■ **TASK TO CARRY OUT**:
Skip the pictures and give back the rest of the listing exactly.

■ **STORED DATA**:
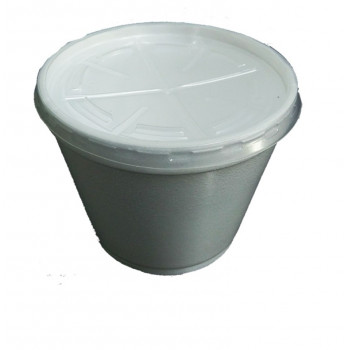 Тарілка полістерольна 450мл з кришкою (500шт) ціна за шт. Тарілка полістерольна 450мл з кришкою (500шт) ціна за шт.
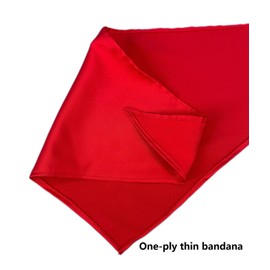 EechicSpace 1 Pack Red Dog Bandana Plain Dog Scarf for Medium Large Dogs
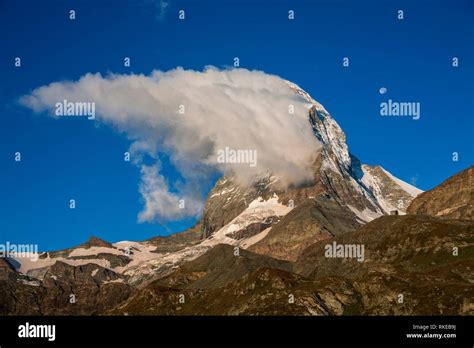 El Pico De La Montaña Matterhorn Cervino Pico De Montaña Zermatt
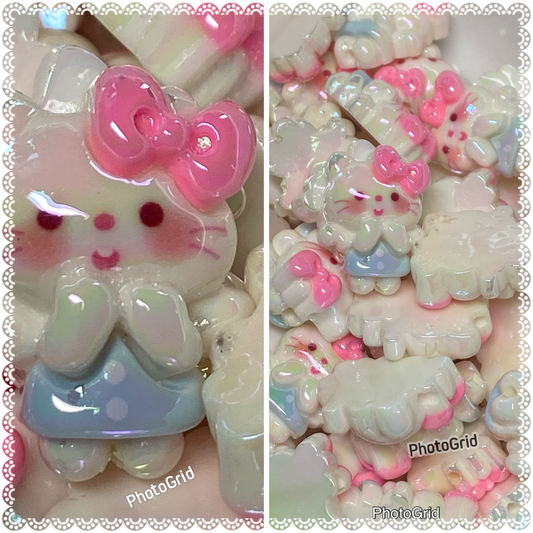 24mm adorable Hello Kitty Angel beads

■ **EXERCISE RESULT**:
 Тарілка полістерольна 450мл з кришкою (500шт) ціна за шт. Тарілка полістерольна 450мл з кришкою (500шт) ціна за шт.
 EechicSpace 1 Pack Red Dog Bandana Plain Dog Scarf for Medium Large Dogs
 El Pico De La Montaña Matterhorn Cervino Pico De Montaña Zermatt
 24mm adorable Hello Kitty Angel beads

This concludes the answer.